The Court is not persuaded by Defendant's insistence that time and effort cannot constitute actual damages under these statutes. With respect to the California statutes at issue in Claims 7 and 9, the Seventh Circuit explained in another data breach case that "California's judiciary ... tells us that 'there are innumerable ways in which economic injury ... may be shown" and that "[a]n 'identifiable trifle of economic injury' suffices." Dieffenbach , 887 F.3d at 829 (internal citations omitted). The Seventh Circuit also observed that California state courts "have said that significant time and paperwork costs incurred to rectify violations also can qualify as economic losses." ( Id. ) As to Illinois's Consumer Fraud and Deceptive Business Practices Act at issue in Claim 10, Illinois does not require more than a "real and measurable" injury, and "if the plaintiff has suffered an economic loss, noneconomic losses are also compensable." (Id. at 30) (internal citations omitted). Finally, with respect to Missouri's Merchandising Practices Act at issue in Claim 12, In re Sony Gaming Networks , 996 F.Supp.2d at 1000, guides the Court. There, the plaintiffs asserted a claim under the Missouri statute, alleging that Sony made material omissions about the security of its network, "omissions that allegedly induced Plaintiffs to purchase their consoles." Id. Rejecting Sony's argument that the plaintiffs had not alleged an ascertainable loss of money or property, the Court held that "because [the plaintiffs] have alleged that ... Sony misled customers into believing that their Personal Information was secure, the Court finds that [the plaintiffs] have sufficiently alleged a loss of money or property as a result of an act or practice declared unlawful under the [Missouri Merchandising Practices Act." Id.
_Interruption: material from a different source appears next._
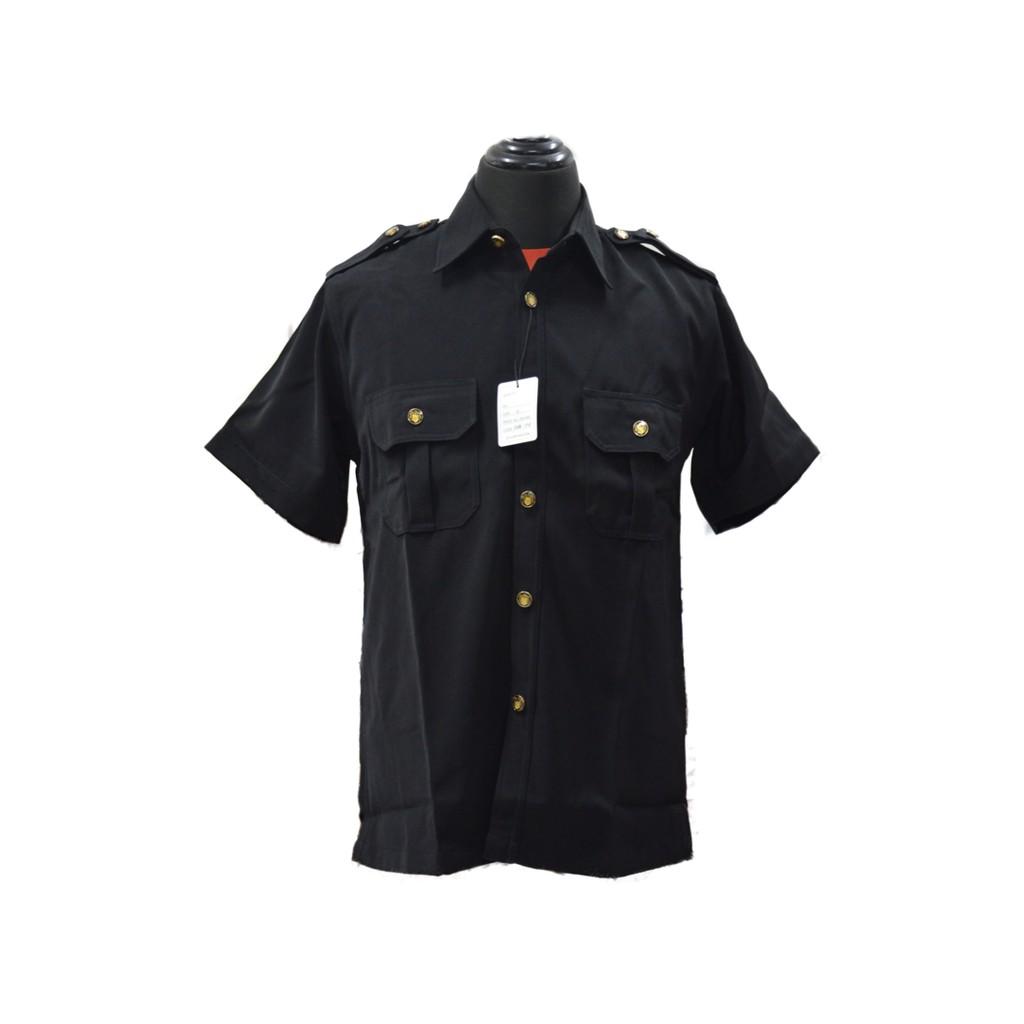 BAJU / KEMEJA SAFARI HITAM SUPIR / SECURITY HIGH TWIST LENGAN PENDEK -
This Court finds these holdings as to the California, Illinois, and Missouri statutes persuasive and therefore affirms the Magistrate Judge's recommendation that it deny Defendant's Motion to Dismiss Claims 7, 9, 10, and 12. (Doc. # 73 at 60.)

8. Claim 11: Violation of the Illinois Uniform Deceptive Trade Practices Act

Magistrate Judge Carman recommended that the Court dismiss Plaintiffs' eleventh claim pursuant to Rule 12(b)(6) because Plaintiff Fowler fails to allege that she is at risk of the same harm in the future. (Id. at 59.) Neither party objects to this recommendation. The Court has reviewed the Magistrate Judge's thorough examination and is satisfied that his recommendation on Claims 11 is sound and not contrary to law. See Fed. R. Civ. P. 72(a). It affirms the Recommendation as to *1256the dismissal of Claim 11. (Doc. # 73 at 60.)

IV. CONCLUSION

For the foregoing reasons, the Court ORDERS:

1. The Magistrate Judge's August 1, 2018 Recommendation (Doc. # 73) is AFFIRMED IN PART and REJECTED IN PART;
2. Defendant's Motion to Dismiss (Doc. # 43) is GRANTED IN PART as to Claims 1, 2, 3, 5, and 11. These claims are dismissed from the action; and
3. Defendant's Motion to Dismiss (Doc. # 43) is DENIED IN PART as to Claims 4, 6, 7, 8, 9, 10, and 12. These claims remain.